At those three things, we actually start to solve a lot of common problems that are exploited. Clearly, key integrity, although I did...you limited me to three. But with those first three, what are the consequences of having those first three systems? I will always know, as both a resident on the system or resident off the system, whether I'm dealing with a molested system or not. I will always know if a system is going to operate, what its configuration is, and nothing else. Now, again, doesn't mean there aren't bugs in the code, doesn't mean there aren't bugs in the hardware. So, there are limits to things, but that's kind of a profound statement as a service provider. I know I'm talking the software I wrote as opposed to software that someone else is emulating. I know I'm talking to hardware that follows this particular spec and nothing else. Those are profound properties that have a lot...pretty far-reaching implications.
Reece
Would you add anything to that list of three, four things, HB?
HB
You know, as the dumb implementation guy, all I have to say is that getting any of those properties in systems broadly is super exciting. And that's a lot of what excites me about the way that our platform is being built. So, yeah. No. I think we're in the early Renaissance of formal methods and formal verification and like a broader range of critical systems. And I'm just glad that smarter people are working on these problems and solving them when I have a hard time fully comprehending them.
Reece
What a time to be alive. The Renaissance.
Jasson
On that note, anyone listening is actually into formal systems. We're always up for hiring good people and we actually do work like that in multiple areas of our product.
Reece
That's a good plug to end on based on any particular roles right now.
Jasson
So, obviously, all of our roles are generally software engineers. We are looking for product managers too.
Reece
Cool.
Jasson
But we expect our product managers to be kind of technically trained former engineers, or are deeply familiar with engineering problems. The types of problems that we work on that you have to...you almost have to be working on already. And we're just an opportunity for you to scratch that itch that you've had for a long time.
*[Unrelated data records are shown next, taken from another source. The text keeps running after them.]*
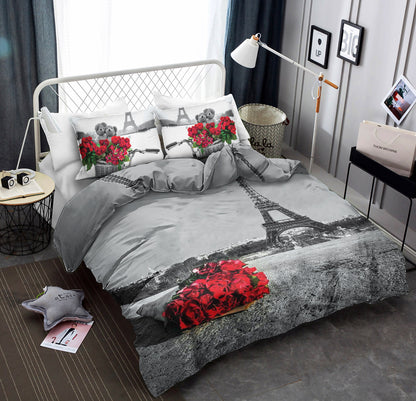 Red Rose and Eiffel Tower Grey Printed 3D CLA22100633B Bedding Sets
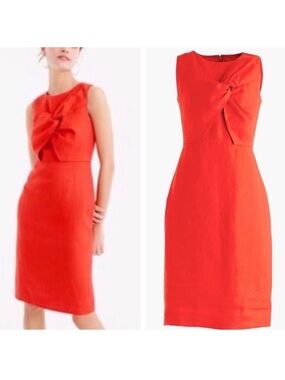 J. Crew 100% Linen Sleeveless Twist-Front Sheath Dress Women 8P Preppy Old Money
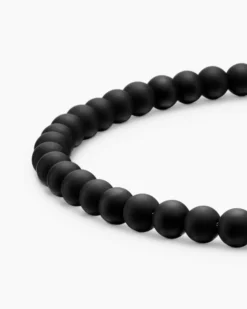 Spiritual Beads Bracelet Black Onyx with Sterling Silver, 4mm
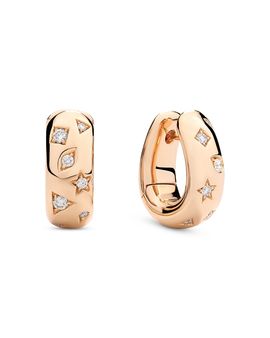 Pomellato Pomellato 18K Rose Gold Iconica Diamond Geometric Set Hoop Earrings, 0.4 tcw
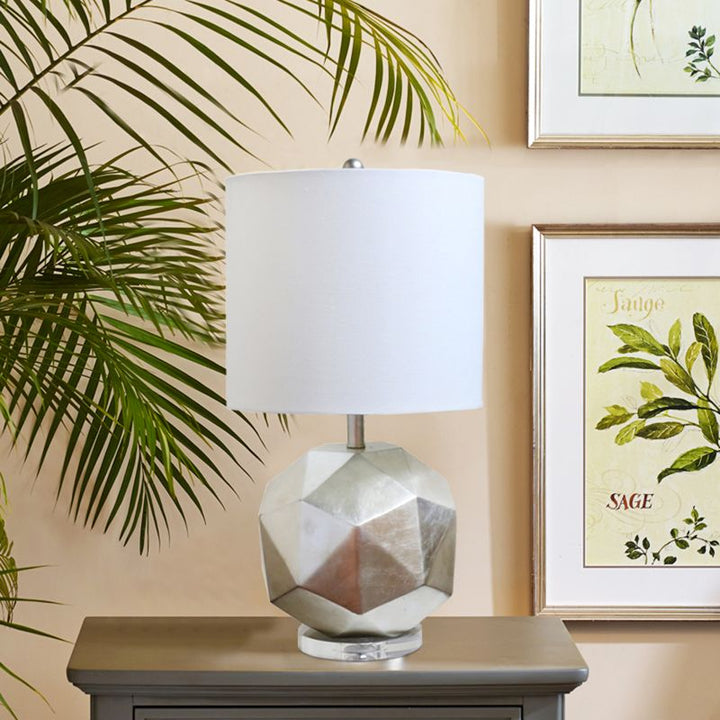 Foiled Framed Table Lamp with Linen Drum Shade by Bethel - view 8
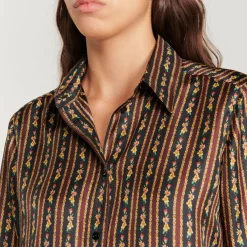 Cheap Flowing Shirt With Floral Striped Print Women Tops & Shirts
So, like language design, properties of language, properties approving things about languages, but in real systems, cryptographic protocols with certain interesting proof properties, but again, with an eye towards application and actually building them into real systems.
Reece
Nice.
Jasson
Anyone who is into, excuse me, operating system development, driver development, again, with a deep understanding of how operating systems are composed and then like, what does it mean to have a trusted operating system? Yeah. No. Formal methods has been around for a long time, but practical application in industry is, I'd say is less than five years old and we're still in the beginning.
Reece
Early Renaissance. Well, listeners, if you are that mythical technical being, please apply, but only if you like and subscribe first and check out next week's episode. As always, we don't know what we're gonna talk about, but we'll find out real soon.
Jasson
We don't always know what we're talking about.